Nous vivons la fin d’une période de quarante ans sans inflation. Ceux ayant connu la précédente période d’inflation ne sont plus en activité, il faut apprendre. Le prix annuel fixe reconduit d’une année sur l’autre avec 1 à 2 % d’augmentation et des négociations qui n’en finissent pas, ce n’est plus possible. Il faut s’adapter. S’il y a une augmentation continue des prix de l’énergie et des matières sèches et qu’en face nos clients ne veulent que des négociations annuelles, ça ne marchera pas.
Comment se sont passées vos renégociations ? Est-il possible de préserver la marge, pour qu’elle ne se réduise pas à peau de chagrin ?
En face de nous, nous avons des professionnels. Dans une négociation B2B, les acheteurs connaissent le contexte des hausses des coûts de production. L’augmentation des prix est une question de survie pour la continuer de notre activité. Il faut bouger ! L’absence d’évolution des coûts, avec l’inflation faible depuis quelques années, a construit un équilibre autour des marges sur nos produits : mais c’était un équilibre précaire. Et nous n’avons pas de confort de marges pour vin.
Nous avons ouvert des renégociations dès les premières semaines du conflit. Il y a eu des discussions et de l’écoute de nos clients. Les professionnels de la filière et de la distribution savent faire la part des choses. Mais les négociations ne sont pas toujours très faciles avec la Grande Distribution (GD).
Entre le conjoncturel avec la baisse du pouvoir d’achat et le structurel de la déconsommation de vin, comment voyez-vous les évolutions du marché de la GD ?

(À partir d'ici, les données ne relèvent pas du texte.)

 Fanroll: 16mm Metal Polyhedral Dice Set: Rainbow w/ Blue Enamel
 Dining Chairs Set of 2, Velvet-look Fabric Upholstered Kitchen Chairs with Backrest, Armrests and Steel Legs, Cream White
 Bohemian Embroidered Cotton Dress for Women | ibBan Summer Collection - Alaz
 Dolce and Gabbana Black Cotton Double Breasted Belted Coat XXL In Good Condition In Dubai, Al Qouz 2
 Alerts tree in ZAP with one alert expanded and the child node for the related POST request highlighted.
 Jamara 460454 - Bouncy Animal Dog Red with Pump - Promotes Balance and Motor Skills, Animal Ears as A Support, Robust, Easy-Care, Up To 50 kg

En GD, la Loire reste encore un bon élève. Notre été s’est bien déroulé pour les rosés, avec une évolution favorable des blancs, une croissance des rouges (avec un bon trio en Saumur Champigny, Bourgueil et Saint-Nicolas). Les fines bulles vont bien : crémant de Loire et Vouvray. L’enjeu des prix est de rester accessibles face aux consommateurs et à leurs budgets.